Bayesian optimization

Bayesian optimization is a sequential design strategy for global optimization of black-box functions that does not assume any functional forms. It is usually employed to optimize expensive-to-evaluate functions.


The term is generally attributed to Jonas Mockus and is coined in his work from a series of publications on global optimization in the 1970s and 1980s.


Since the objective function is unknown, the Bayesian strategy is to treat it as a random function and place a prior over it. The prior captures beliefs about the behavior of the function. After gathering the function evaluations, which are treated as data, the prior is updated to form the posterior distribution over the objective function. The posterior distribution, in turn, is used to construct an acquisition function that determines the next query point.
There are several methods used to define the prior/posterior distribution over the objective function. The most common two methods use Gaussian Processes in a method called Kriging. Another less expensive method uses the Parzen-Tree Estimator to construct two distributions for 'high' and 'low' points, and then finds the location that maximizes the expected improvement.

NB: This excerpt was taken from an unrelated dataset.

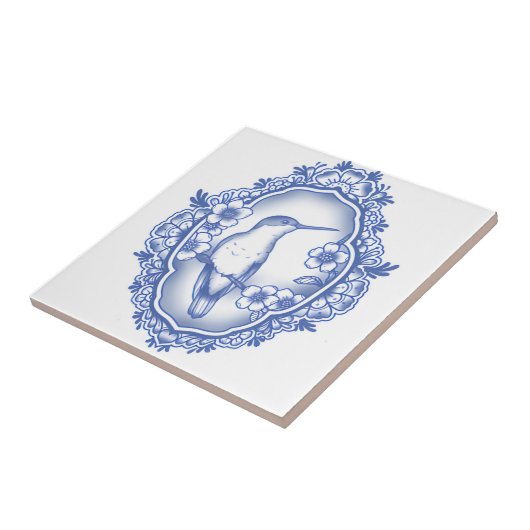 デルフトのタイルの再生古代のマグピー タイル (側面)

Examples of acquisition functions include probability of improvement, expected improvement, Bayesian expected losses, upper confidence bounds, Thompson sampling and hybrids of these. They all trade-off exploration and exploitation so as to minimize the number of function queries. As such, Bayesian optimization is well suited for functions that are expensive to evaluate.

Solution methods

The maximum of the acquisition function is typically found by resorting to discretization or by means of an auxiliary optimizer. Acquisition functions are typically well-behaved and are often maximized with implementations of Newton's Method such as Broyden–Fletcher–Goldfarb–Shanno algorithm or the Nelder-Mead method.


The approach has been applied to solve a wide range of problems, including learning to rank, computer graphics and visual design, robotics, sensor networks, automatic algorithm configuration, automatic machine learning toolboxes, reinforcement learning, planning, visual attention, architecture configuration in deep learning, static program analysis and experimental particle physics.